STSM042480 - Exemptions and reliefs: reliefs: Section 77A - “Particular person” or “particular persons together”
To be disqualifying arrangements as set out in section 77A(2) FA1986, there have to be arrangements where it is reasonable to assume that a purpose or one of the purposes of the arrangements is for a particular person or particular persons together to obtain control of the acquiring company.
In respect of “particular persons together” this is more than a numerical test. It must be reasonable to assume that the parties to the arrangements intend to act in such a way that particular persons together obtain control of the acquiring company.
For example, two shareholders, Person A and Person B, own 50% of a trading company. A third party Person C agrees to invest in the company to provide funds for expansion in return for a 10% shareholding.
A share for share exchange is therefore carried out and the new holding company issues shares of the same class, number and proportions to Person A and Person B thereby satisfying the conditions in s.77 (3) (b) – (h) FA1986. Shortly afterwards, Person C invests in the new holding company in return for a 10% shareholding.
In these circumstances, there are no disqualifying arrangements unless Person C is acting together with either Person A or Person B.
Reorganisations where no purchaser(s) have been identified.
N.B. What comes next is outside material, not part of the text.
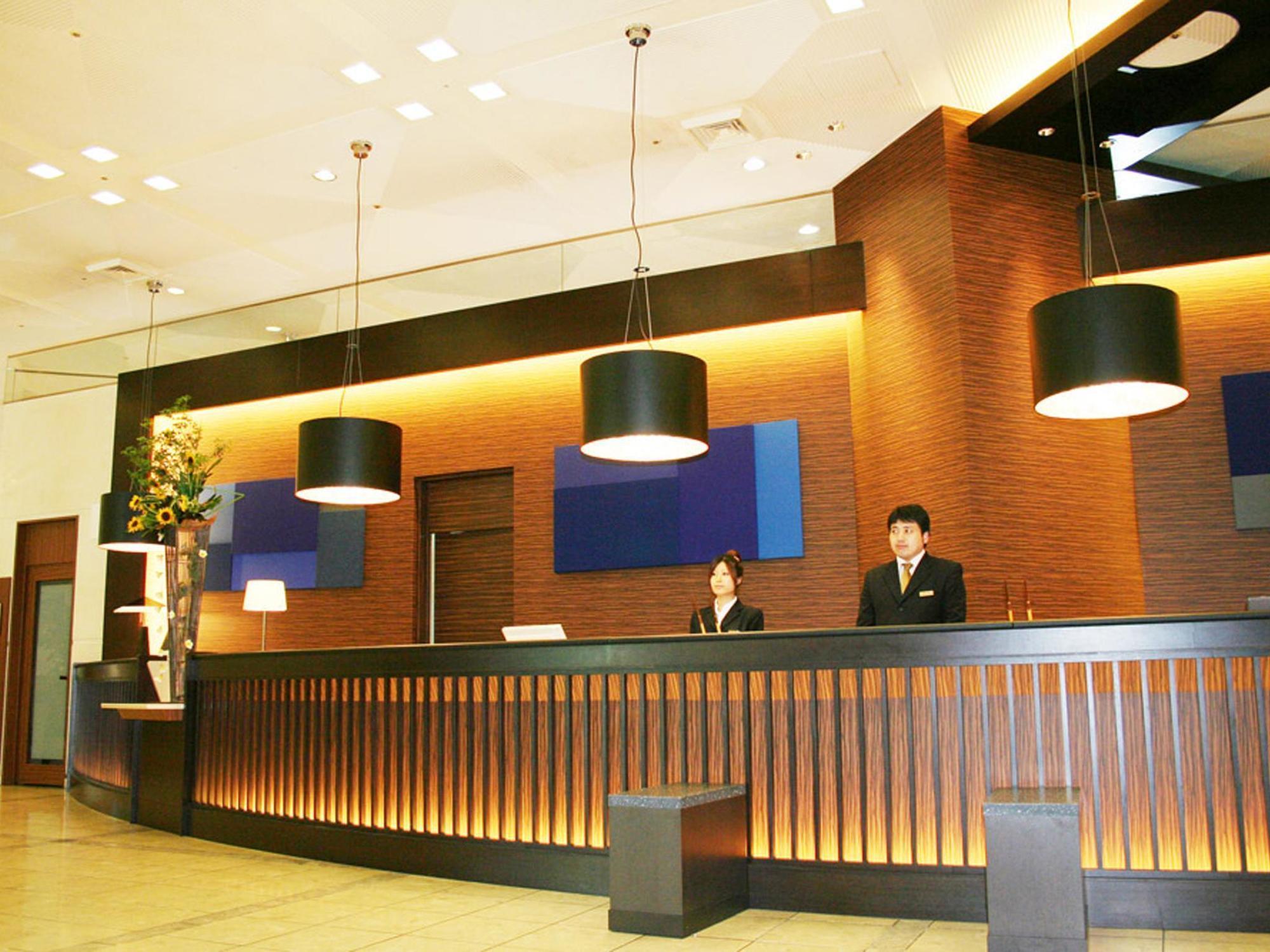 Hotel Mielparque Osaka Bagian luar foto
A reorganisation in advance of a potential future sale where no purchaser(s) has been identified will not be disqualifying arrangements for the purposes of s.77A FA1986. For example, there may be a reorganisation of a group of companies to make the group better structured for sale in the future.
“Arrangements” includes any agreement, understanding or scheme (whether or not legally enforceable).
“Control” is to be read in accordance with section 1124 CTA2010.
STSM042460 provides information on what are ‘disqualifying arrangements’.